| Problem to solve |
Reproduce the first line of the entries that follow and each later line, word for word, ending with the one containing "Rückseite von Brenk".

************

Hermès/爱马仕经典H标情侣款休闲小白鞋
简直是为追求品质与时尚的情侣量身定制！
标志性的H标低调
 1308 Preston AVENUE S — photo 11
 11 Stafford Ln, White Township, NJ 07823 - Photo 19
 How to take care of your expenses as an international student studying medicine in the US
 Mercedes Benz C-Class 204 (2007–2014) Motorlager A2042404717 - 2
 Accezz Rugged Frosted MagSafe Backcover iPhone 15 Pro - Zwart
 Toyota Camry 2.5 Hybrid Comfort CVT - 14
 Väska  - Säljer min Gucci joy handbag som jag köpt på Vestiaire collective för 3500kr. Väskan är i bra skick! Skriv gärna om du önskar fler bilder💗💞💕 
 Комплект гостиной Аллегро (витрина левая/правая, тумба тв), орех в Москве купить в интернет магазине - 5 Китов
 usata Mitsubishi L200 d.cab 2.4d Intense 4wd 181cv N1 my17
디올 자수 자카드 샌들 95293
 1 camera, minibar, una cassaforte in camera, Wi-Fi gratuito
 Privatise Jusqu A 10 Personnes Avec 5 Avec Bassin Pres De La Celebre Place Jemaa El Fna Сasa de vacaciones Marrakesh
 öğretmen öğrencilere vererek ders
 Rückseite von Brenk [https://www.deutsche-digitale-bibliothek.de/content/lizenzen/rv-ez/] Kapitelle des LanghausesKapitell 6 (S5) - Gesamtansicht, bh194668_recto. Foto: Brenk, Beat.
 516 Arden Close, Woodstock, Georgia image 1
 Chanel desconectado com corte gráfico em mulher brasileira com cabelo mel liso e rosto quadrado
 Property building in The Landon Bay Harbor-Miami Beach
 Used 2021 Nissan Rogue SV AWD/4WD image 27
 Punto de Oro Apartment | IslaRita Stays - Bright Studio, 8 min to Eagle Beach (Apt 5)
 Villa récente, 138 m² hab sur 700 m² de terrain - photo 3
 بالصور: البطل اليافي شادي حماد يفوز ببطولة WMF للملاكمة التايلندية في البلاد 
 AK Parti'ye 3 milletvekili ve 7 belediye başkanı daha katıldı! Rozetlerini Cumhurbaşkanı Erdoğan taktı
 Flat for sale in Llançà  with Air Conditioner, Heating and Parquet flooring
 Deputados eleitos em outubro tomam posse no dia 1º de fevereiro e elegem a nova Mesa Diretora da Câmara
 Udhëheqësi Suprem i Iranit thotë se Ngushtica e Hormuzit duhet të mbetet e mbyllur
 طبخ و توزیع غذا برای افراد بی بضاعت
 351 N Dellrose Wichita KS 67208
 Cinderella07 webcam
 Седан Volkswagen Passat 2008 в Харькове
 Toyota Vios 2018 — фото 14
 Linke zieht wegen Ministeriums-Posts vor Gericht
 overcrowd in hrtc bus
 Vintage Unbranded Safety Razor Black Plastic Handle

************

| Response to the task |
Hermès/爱马仕经典H标情侣款休闲小白鞋
简直是为追求品质与时尚的情侣量身定制！
标志性的H标低调
 1308 Preston AVENUE S — photo 11
 11 Stafford Ln, White Township, NJ 07823 - Photo 19
 How to take care of your expenses as an international student studying medicine in the US
 Mercedes Benz C-Class 204 (2007–2014) Motorlager A2042404717 - 2
 Accezz Rugged Frosted MagSafe Backcover iPhone 15 Pro - Zwart
 Toyota Camry 2.5 Hybrid Comfort CVT - 14
 Väska  - Säljer min Gucci joy handbag som jag köpt på Vestiaire collective för 3500kr. Väskan är i bra skick! Skriv gärna om du önskar fler bilder💗💞💕 
 Комплект гостиной Аллегро (витрина левая/правая, тумба тв), орех в Москве купить в интернет магазине - 5 Китов
 usata Mitsubishi L200 d.cab 2.4d Intense 4wd 181cv N1 my17
디올 자수 자카드 샌들 95293
 1 camera, minibar, una cassaforte in camera, Wi-Fi gratuito
 Privatise Jusqu A 10 Personnes Avec 5 Avec Bassin Pres De La Celebre Place Jemaa El Fna Сasa de vacaciones Marrakesh
 öğretmen öğrencilere vererek ders
 Rückseite von Brenk [https://www.deutsche-digitale-bibliothek.de/content/lizenzen/rv-ez/] Kapitelle des LanghausesKapitell 6 (S5) - Gesamtansicht, bh194668_recto. Foto: Brenk, Beat.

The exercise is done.